The actions announced Monday are in line with the rumors and speculation that have engulfed GM, the world’s biggest industrial enterprise, which lost a record $4.5 billion last year. Reports were published more than two weeks ago that Chairman and Chief Executive Robert C. Stempel’s job was in jeopardy. He submitted his resignation under fire last week.

There is presumably more to come because the board was said to be dissatisfied with the pace and scope of Stempel’s cost-cutting. Smith indicated that further consolidations may be announced Nov. 12 after he meets with investment analysts. The closing of seven more factories, a plan to get laid-off hourly workers off the payrolls, and a cut in the number of GM’s auto “platforms,” or chassis, are among the expected announcements.

However, Smale and Smith said GM would continue on the path begun last April rather than lurch off in a new direction. Contrary to some published reports, Smith told reporters that he expects no sizable increase from the previously announced target of eliminating 74,000 jobs. He also said the announced closure of 21 factories, 14 of which have been identified, “are all we have planned at the moment.”

Smale and Smith moved to repair the damage of recent days in their closed-circuit television address Monday.
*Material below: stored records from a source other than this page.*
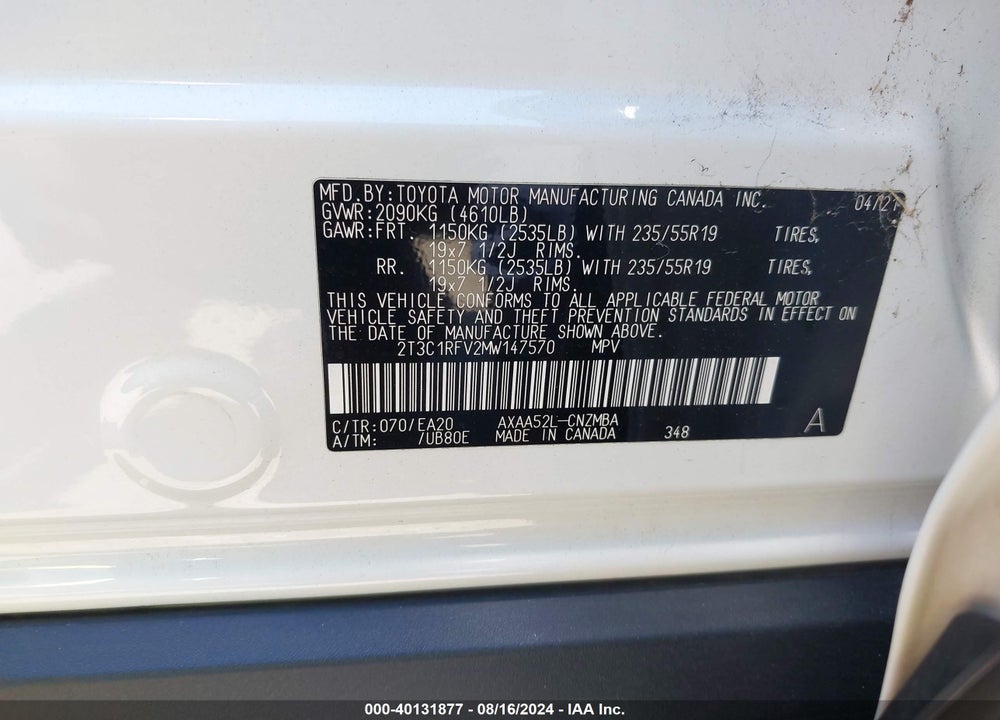 2021 TOYOTA RAV4 XLE PREMIUM VIN: 2T3C1RFV2MW147570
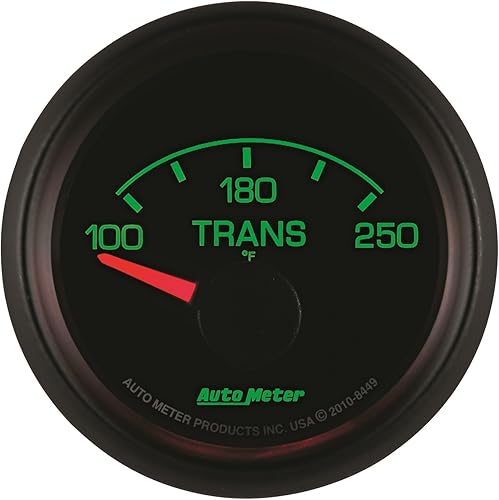 Auto Meter 8449 Factory Match 2-1/16" 100-250 grados Fahrenheit Medidor de temperatura de transmisión para Ford Racing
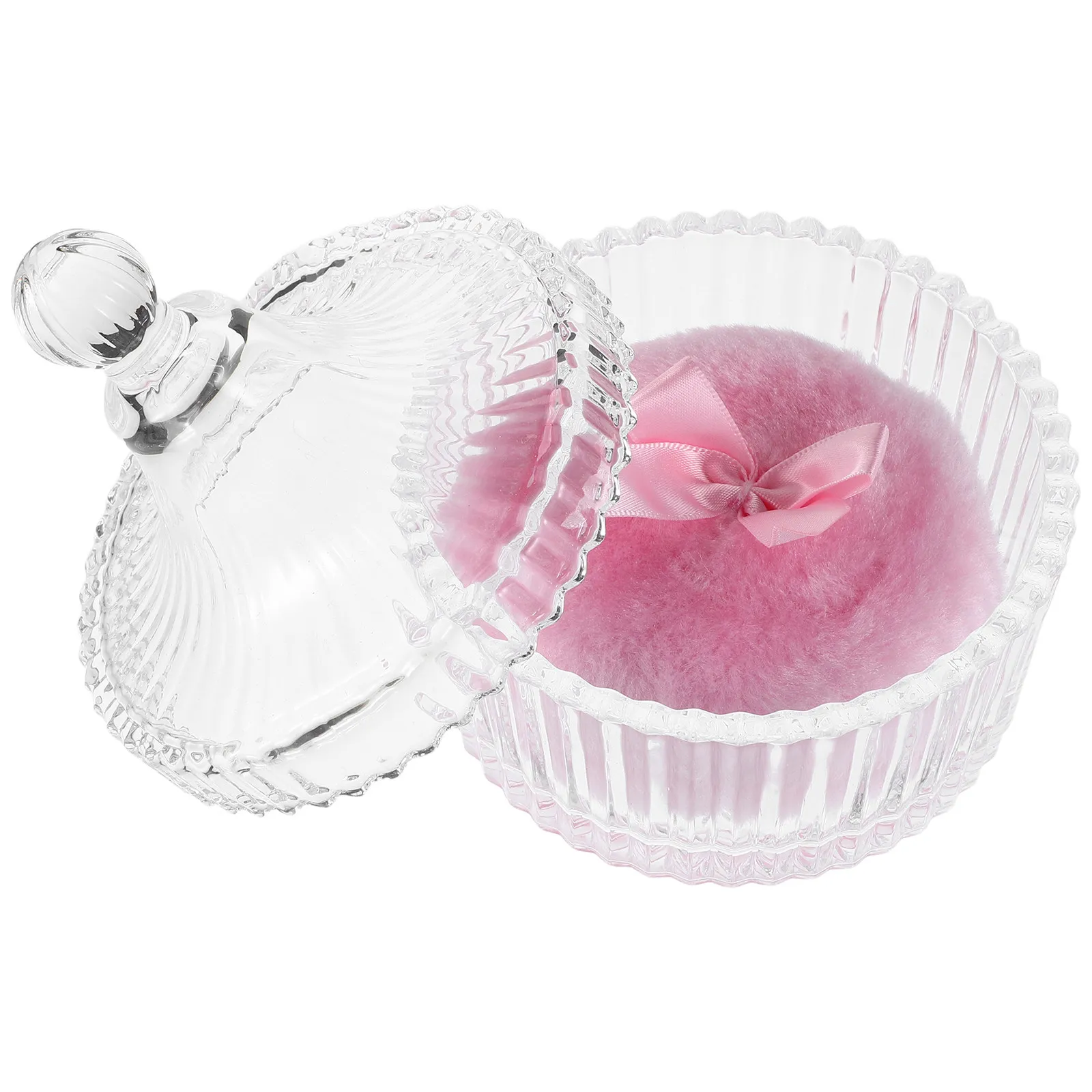 Extra Large Powder Puff for Women Soft Long Pile Body Powder Puff Makeup Applicator Pink Bow Design Comfortable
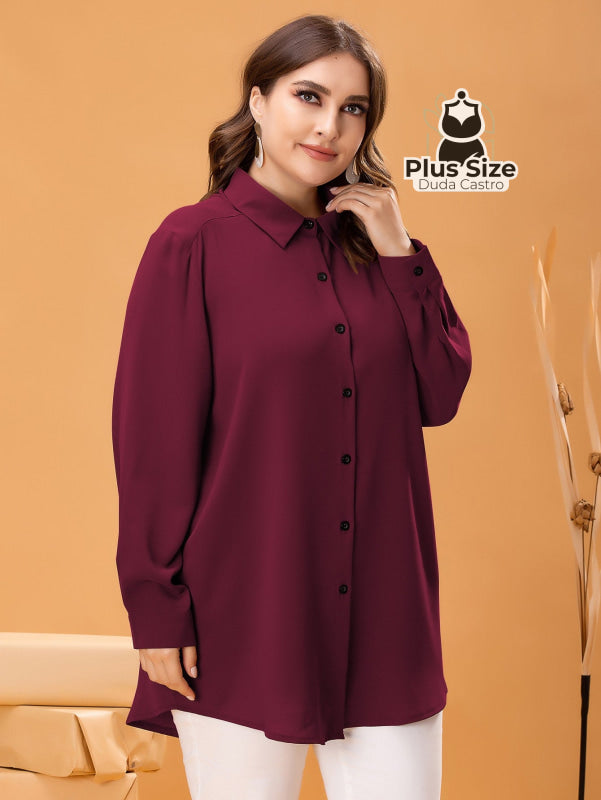 Camisa De Botões Clássica Blusa Plus Size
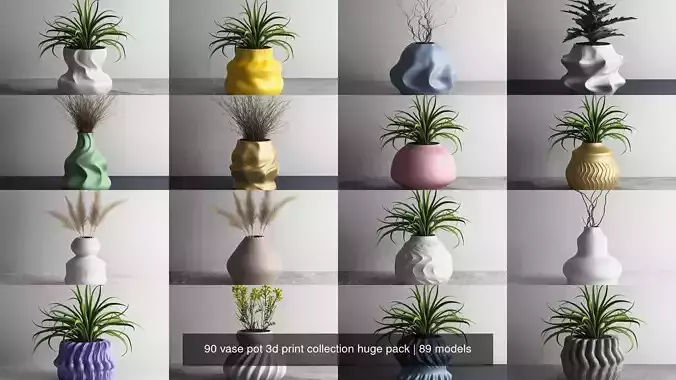 90 vase pot 3d print collection huge pack 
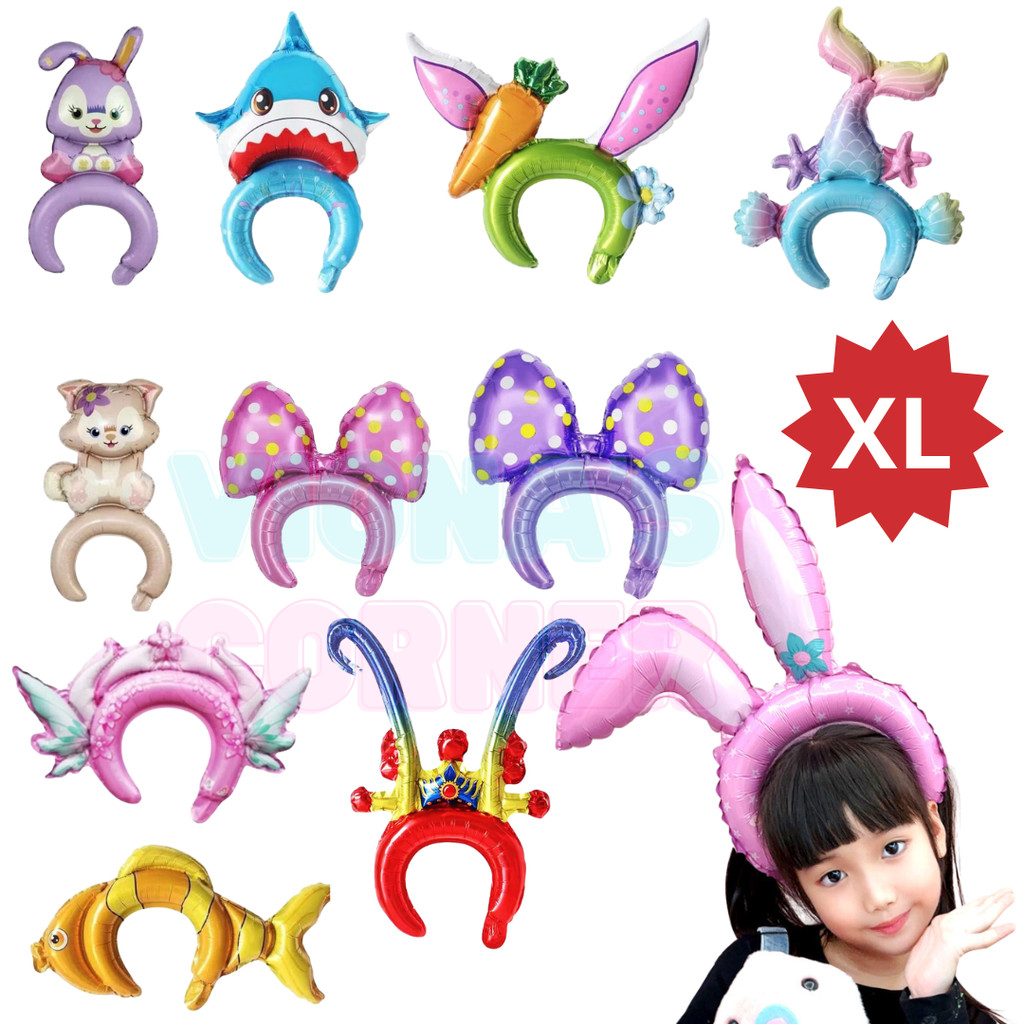 Bando Balon Karakter Ulang Tahun Anak Mahkota Ultah Mermaid Kelinci Baby Shark Jumbo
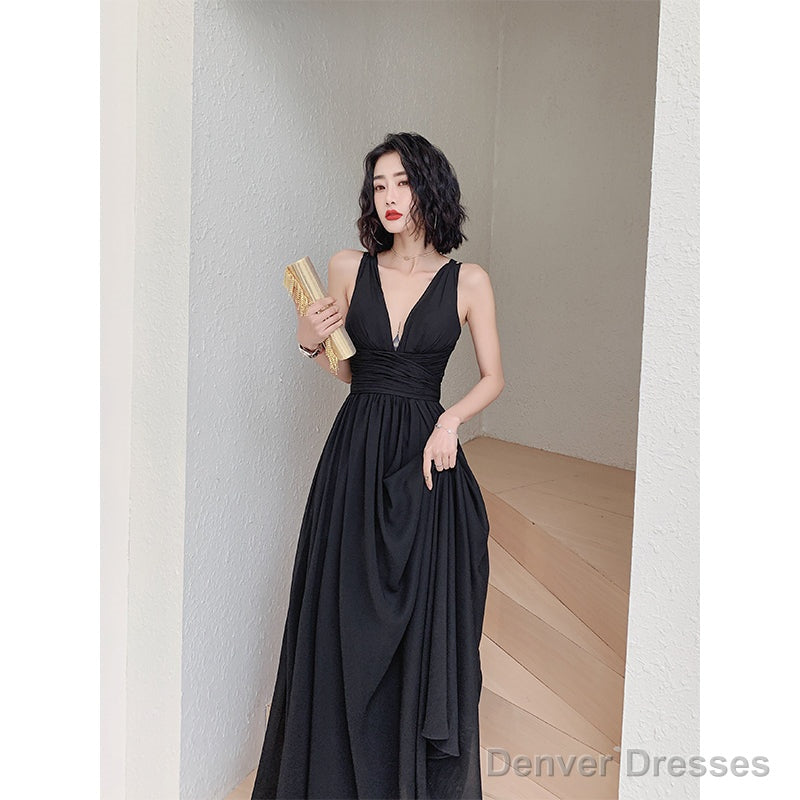 Beautiful Black Chiffon V-Neckline Long Party Dress, Black Cross Back Prom Dresses Secondary image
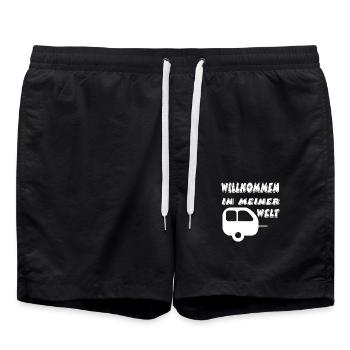 Camping - Badeshorts - Schwarz - Vorne - AI Model Male 185 light (185cm)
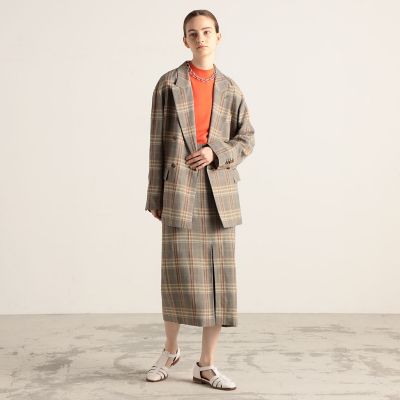 レーヨンリネンチェック　ダブルブレストジャケット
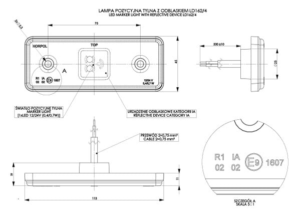 Horpol Positionsljus Röd, 0,3m, DV – 110x41x17 mm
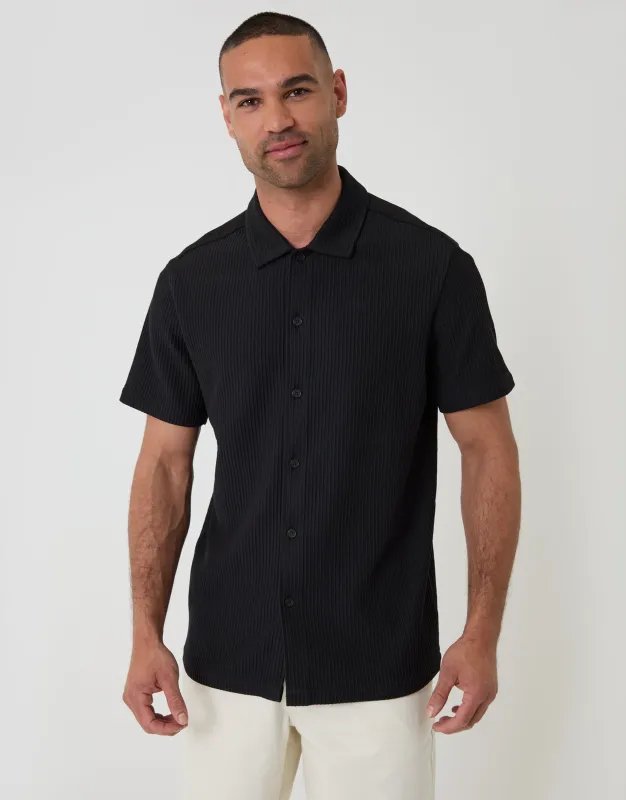 Plisse Rib Short Sleeve Shirt in Black made by Threadbare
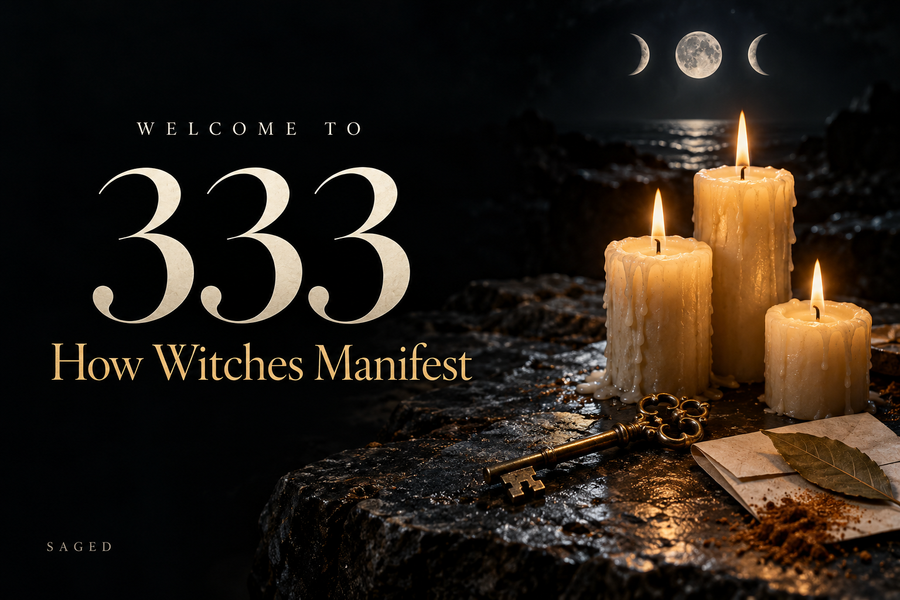 A dark promotional graphic with the text 'WELCOME TO 333 How Witches Manifest' over a moody night scene with three lit candles, a vintage key, an old book, and moon phases in the sky. The brand name 'SAGED' appears at the bottom left.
Shaking hands and calling each other “Jack” and “John,” they stood before a camera that also panned the dozen other directors sitting around a huge table. Absent was Stempel, who skipped the meetings.

In the televised pep talk, Smith apologized for the turmoil and uncertainty and declared that he, not the unknown Smale, was in charge. Smale “will not be an officer of GM, he will not be an employee, and he will not run the company,” Smith said as Smale sat by his side. For his part, Smale declared the board’s “enthusiastic and unqualified support” for Smith.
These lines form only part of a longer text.